### What is expected
Pull out of the data below the stretch of lines bounded by the one containing "Cara Menghitung Payback Period Dan NPV" and the one containing "ウェディングキスの際にこの景色が広がる", both bounds included, unchanged.

(Items from a dataset)
- - - - -

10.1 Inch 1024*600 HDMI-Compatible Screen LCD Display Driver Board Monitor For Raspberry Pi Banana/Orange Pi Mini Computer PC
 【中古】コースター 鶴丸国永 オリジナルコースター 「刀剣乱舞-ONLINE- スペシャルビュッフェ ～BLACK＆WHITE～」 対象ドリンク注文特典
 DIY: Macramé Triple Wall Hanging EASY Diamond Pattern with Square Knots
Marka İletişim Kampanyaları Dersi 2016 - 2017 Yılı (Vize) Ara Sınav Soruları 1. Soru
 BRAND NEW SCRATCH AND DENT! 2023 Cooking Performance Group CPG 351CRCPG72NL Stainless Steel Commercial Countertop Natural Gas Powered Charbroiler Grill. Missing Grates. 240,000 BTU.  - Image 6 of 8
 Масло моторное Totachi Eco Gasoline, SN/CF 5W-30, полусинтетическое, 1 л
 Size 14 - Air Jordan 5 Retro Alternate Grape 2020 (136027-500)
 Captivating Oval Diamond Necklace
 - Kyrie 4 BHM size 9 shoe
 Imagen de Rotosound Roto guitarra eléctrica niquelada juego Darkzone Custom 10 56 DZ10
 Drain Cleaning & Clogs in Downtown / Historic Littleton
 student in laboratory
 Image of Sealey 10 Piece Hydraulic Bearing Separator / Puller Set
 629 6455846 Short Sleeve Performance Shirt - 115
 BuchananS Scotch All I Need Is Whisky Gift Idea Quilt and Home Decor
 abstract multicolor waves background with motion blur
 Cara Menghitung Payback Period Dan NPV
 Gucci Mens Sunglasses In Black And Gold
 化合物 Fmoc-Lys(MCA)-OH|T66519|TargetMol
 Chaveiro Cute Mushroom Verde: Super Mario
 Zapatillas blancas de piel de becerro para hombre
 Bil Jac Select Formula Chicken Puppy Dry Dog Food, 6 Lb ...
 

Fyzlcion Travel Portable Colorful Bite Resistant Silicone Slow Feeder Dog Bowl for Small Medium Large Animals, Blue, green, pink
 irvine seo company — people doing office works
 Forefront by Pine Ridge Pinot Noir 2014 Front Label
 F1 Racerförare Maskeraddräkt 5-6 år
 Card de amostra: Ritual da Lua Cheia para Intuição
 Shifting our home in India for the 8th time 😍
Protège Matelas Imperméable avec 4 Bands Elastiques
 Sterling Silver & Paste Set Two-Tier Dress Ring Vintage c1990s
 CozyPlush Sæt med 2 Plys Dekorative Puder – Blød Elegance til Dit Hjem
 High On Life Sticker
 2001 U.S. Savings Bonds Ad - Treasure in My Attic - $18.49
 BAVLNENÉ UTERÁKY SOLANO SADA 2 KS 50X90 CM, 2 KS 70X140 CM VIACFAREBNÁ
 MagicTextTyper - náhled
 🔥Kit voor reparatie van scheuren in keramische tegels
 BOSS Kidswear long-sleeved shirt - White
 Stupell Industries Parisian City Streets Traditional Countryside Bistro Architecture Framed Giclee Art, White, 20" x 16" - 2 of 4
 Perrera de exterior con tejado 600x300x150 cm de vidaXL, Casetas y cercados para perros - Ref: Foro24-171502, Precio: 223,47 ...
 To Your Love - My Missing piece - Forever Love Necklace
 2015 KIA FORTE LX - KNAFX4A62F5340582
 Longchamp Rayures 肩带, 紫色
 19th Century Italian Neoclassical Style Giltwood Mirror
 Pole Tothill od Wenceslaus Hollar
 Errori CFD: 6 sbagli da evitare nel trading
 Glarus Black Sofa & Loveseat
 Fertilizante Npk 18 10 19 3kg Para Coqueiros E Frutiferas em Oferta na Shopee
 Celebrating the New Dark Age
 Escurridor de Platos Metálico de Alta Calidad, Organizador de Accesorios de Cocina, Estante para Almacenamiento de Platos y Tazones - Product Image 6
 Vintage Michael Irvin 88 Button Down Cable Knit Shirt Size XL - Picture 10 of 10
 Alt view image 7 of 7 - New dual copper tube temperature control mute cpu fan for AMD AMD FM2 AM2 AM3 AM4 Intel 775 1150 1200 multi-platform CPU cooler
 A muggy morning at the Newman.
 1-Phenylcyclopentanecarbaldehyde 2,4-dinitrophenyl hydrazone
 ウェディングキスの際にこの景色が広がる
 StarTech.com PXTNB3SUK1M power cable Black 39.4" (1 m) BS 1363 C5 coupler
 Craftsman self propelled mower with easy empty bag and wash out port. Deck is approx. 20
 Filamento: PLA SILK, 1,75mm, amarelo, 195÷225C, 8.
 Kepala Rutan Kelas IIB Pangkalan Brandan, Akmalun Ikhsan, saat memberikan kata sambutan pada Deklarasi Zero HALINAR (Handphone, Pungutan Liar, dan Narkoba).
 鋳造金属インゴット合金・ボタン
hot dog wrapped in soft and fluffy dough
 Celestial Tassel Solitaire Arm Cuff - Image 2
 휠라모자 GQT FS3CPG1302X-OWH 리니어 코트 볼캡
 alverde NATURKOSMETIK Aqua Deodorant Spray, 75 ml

- - - - -

### Response area
 Cara Menghitung Payback Period Dan NPV
 Gucci Mens Sunglasses In Black And Gold
 化合物 Fmoc-Lys(MCA)-OH|T66519|TargetMol
 Chaveiro Cute Mushroom Verde: Super Mario
 Zapatillas blancas de piel de becerro para hombre
 Bil Jac Select Formula Chicken Puppy Dry Dog Food, 6 Lb ...
 

Fyzlcion Travel Portable Colorful Bite Resistant Silicone Slow Feeder Dog Bowl for Small Medium Large Animals, Blue, green, pink
 irvine seo company — people doing office works
 Forefront by Pine Ridge Pinot Noir 2014 Front Label
 F1 Racerförare Maskeraddräkt 5-6 år
 Card de amostra: Ritual da Lua Cheia para Intuição
 Shifting our home in India for the 8th time 😍
Protège Matelas Imperméable avec 4 Bands Elastiques
 Sterling Silver & Paste Set Two-Tier Dress Ring Vintage c1990s
 CozyPlush Sæt med 2 Plys Dekorative Puder – Blød Elegance til Dit Hjem
 High On Life Sticker
 2001 U.S. Savings Bonds Ad - Treasure in My Attic - $18.49
 BAVLNENÉ UTERÁKY SOLANO SADA 2 KS 50X90 CM, 2 KS 70X140 CM VIACFAREBNÁ
 MagicTextTyper - náhled
 🔥Kit voor reparatie van scheuren in keramische tegels
 BOSS Kidswear long-sleeved shirt - White
 Stupell Industries Parisian City Streets Traditional Countryside Bistro Architecture Framed Giclee Art, White, 20" x 16" - 2 of 4
 Perrera de exterior con tejado 600x300x150 cm de vidaXL, Casetas y cercados para perros - Ref: Foro24-171502, Precio: 223,47 ...
 To Your Love - My Missing piece - Forever Love Necklace
 2015 KIA FORTE LX - KNAFX4A62F5340582
 Longchamp Rayures 肩带, 紫色
 19th Century Italian Neoclassical Style Giltwood Mirror
 Pole Tothill od Wenceslaus Hollar
 Errori CFD: 6 sbagli da evitare nel trading
 Glarus Black Sofa & Loveseat
 Fertilizante Npk 18 10 19 3kg Para Coqueiros E Frutiferas em Oferta na Shopee
 Celebrating the New Dark Age
 Escurridor de Platos Metálico de Alta Calidad, Organizador de Accesorios de Cocina, Estante para Almacenamiento de Platos y Tazones - Product Image 6
 Vintage Michael Irvin 88 Button Down Cable Knit Shirt Size XL - Picture 10 of 10
 Alt view image 7 of 7 - New dual copper tube temperature control mute cpu fan for AMD AMD FM2 AM2 AM3 AM4 Intel 775 1150 1200 multi-platform CPU cooler
 A muggy morning at the Newman.
 1-Phenylcyclopentanecarbaldehyde 2,4-dinitrophenyl hydrazone
 ウェディングキスの際にこの景色が広がる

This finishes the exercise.